Eine Herausforderung kam dann am 24. Februar 2022 mit dem Beginn des Ukrainekriegs. Neue Helferkreise wurden ins Leben gerufen, viele Einzelhelfer engagierten sich im Alleingang für die Ukrainerinnen und Ukrainer. "Sehr erfolgreich war der Integrationslotsen-Newsletter mit aktuellen Infos für die Ehrenamtlichen im Landkreis", resümiert Wolf.
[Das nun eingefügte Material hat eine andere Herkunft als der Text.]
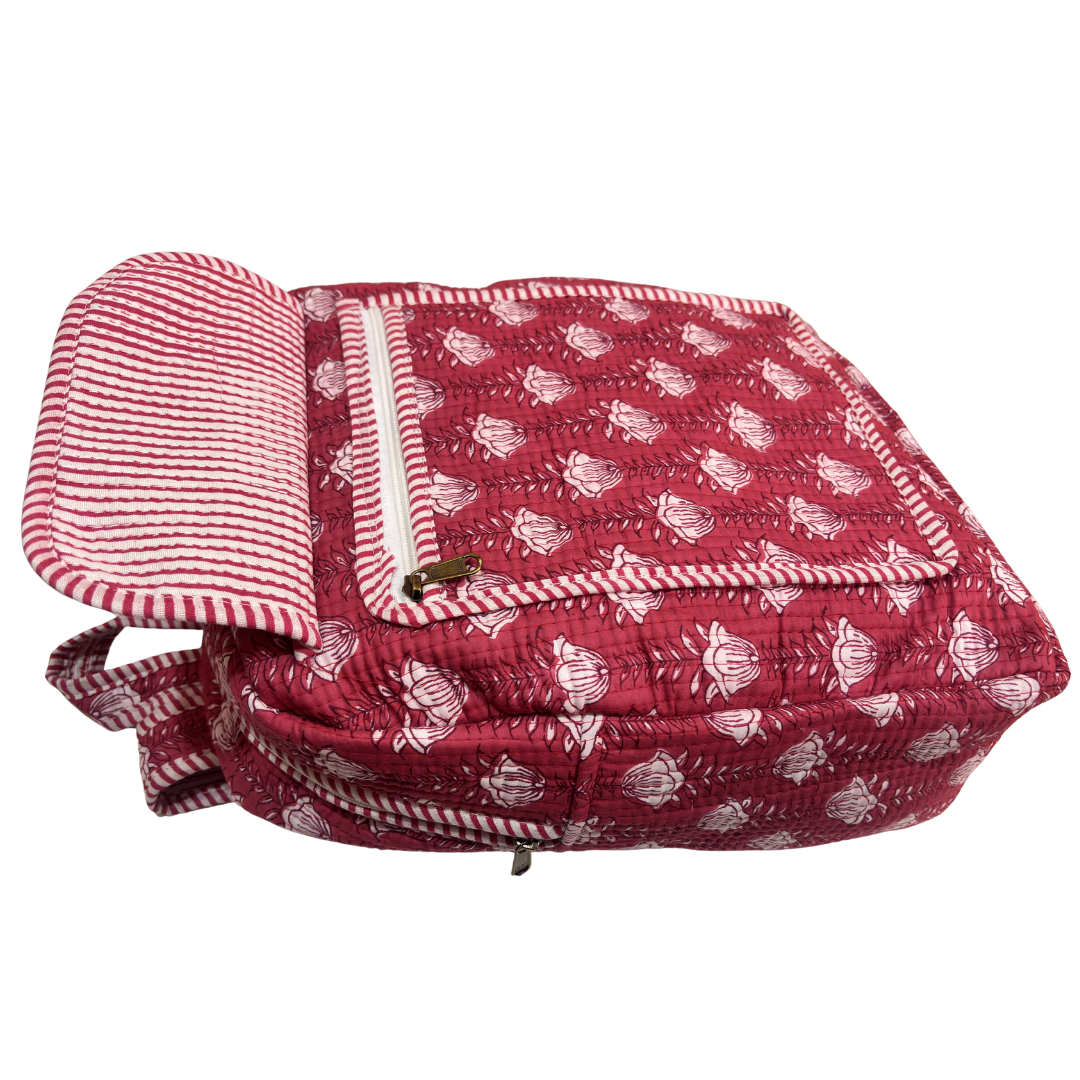 Pink quilted cotton fabric close-up — floral diamond stitching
Der Wert der Ehrenamtlichen

Ohne die Ehrenamtlichen sei die Arbeit nicht zu bewältigen, sagt Wolf. Als Beispiel führt sie Ahmad Al Daher auf. Seit rund acht Jahren lebt der Mann in Mellrichstadt, arbeitet bei der Firma Reich und engagiert sich in seiner Freizeit als Dolmetscher für Arabisch. 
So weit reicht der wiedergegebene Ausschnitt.